Polen und die Slowakei, woher die meisten neuen Traiskirchen-Bewohner kommen, haben sich aber als fleißige Fingerabdrucksammler erwiesen. Bei der Anerkennung des Asyls sind beide Länder dagegen weit restriktiver als Österreich. Zwar sind auch sie der Genfer Flüchtlingskonvention verpflichtet. Doch die lässt sich weit auslegen.

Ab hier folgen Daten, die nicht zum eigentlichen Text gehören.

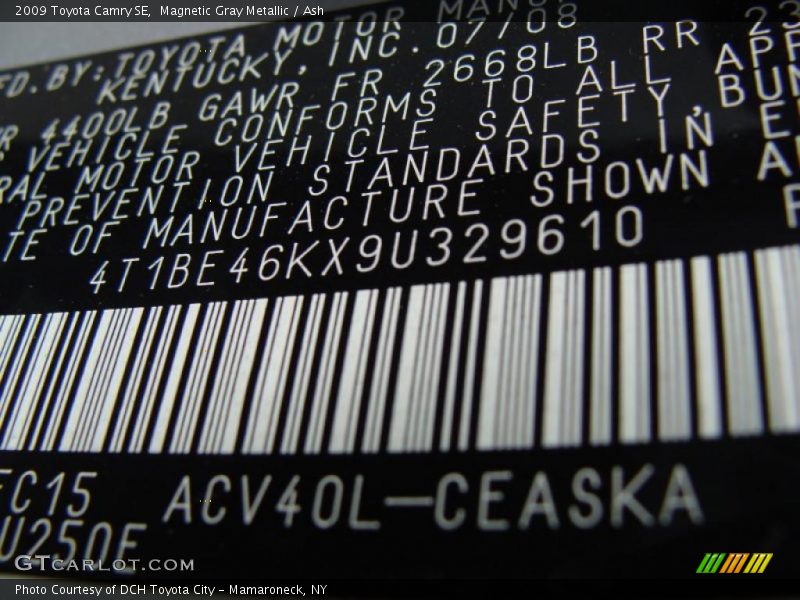 Magnetic Gray Metallic / Ash 2009 Toyota Camry SE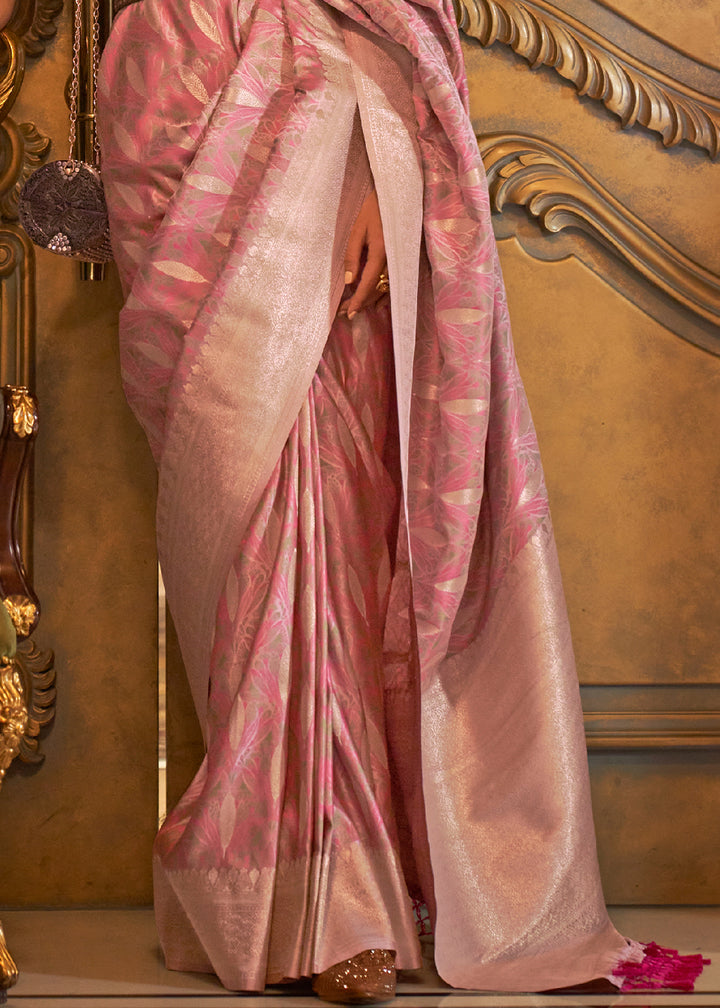 Shades Of Pink Handloom Satin Silk Saree Featuring Buttis All Over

Schutzberechtigt ist, wer in seiner Heimat aus religiösen, politischen, ethnischen Gründen oder wegen Zugehörigkeit zu einer sozialen Gruppe verfolgt wird. Das fassen Polen und die Slowakei eng: Schließlich werden nicht alle Tschetschenen verfolgt, heißt es etwa. Wer plausibel machen kann, dass er in der Heimat von Folter bedroht ist, erhält in Polen immerhin Schutz vor Abschiebung.
Ihrer sofortigen Ausweisung aus Österreich laut Dublin könnten die Neuankömmlinge nur in konkreten und eng gefassten Ausnahmefällen entgehen: Besondere Traumatisierung oder nahe stehende Familienangehörige zweiten, dritten Grades fallen darunter.
Entschieden wird darüber beim Unabhängigen Asylsenat. Doch dessen Mitglieder stehen unter Druck: Nach der Umwandlung in den Asylgerichtshof im Sommer 2007 müssen sie nicht übernommen werden. Da dürfte es sich kaum anbieten, entgegen dem Wunsch von Innenminister Günther Platter Präzedenzfälle für Asylwerber zu schaffen, die Österreich gar nicht mehr verpflichtend betreuen muss.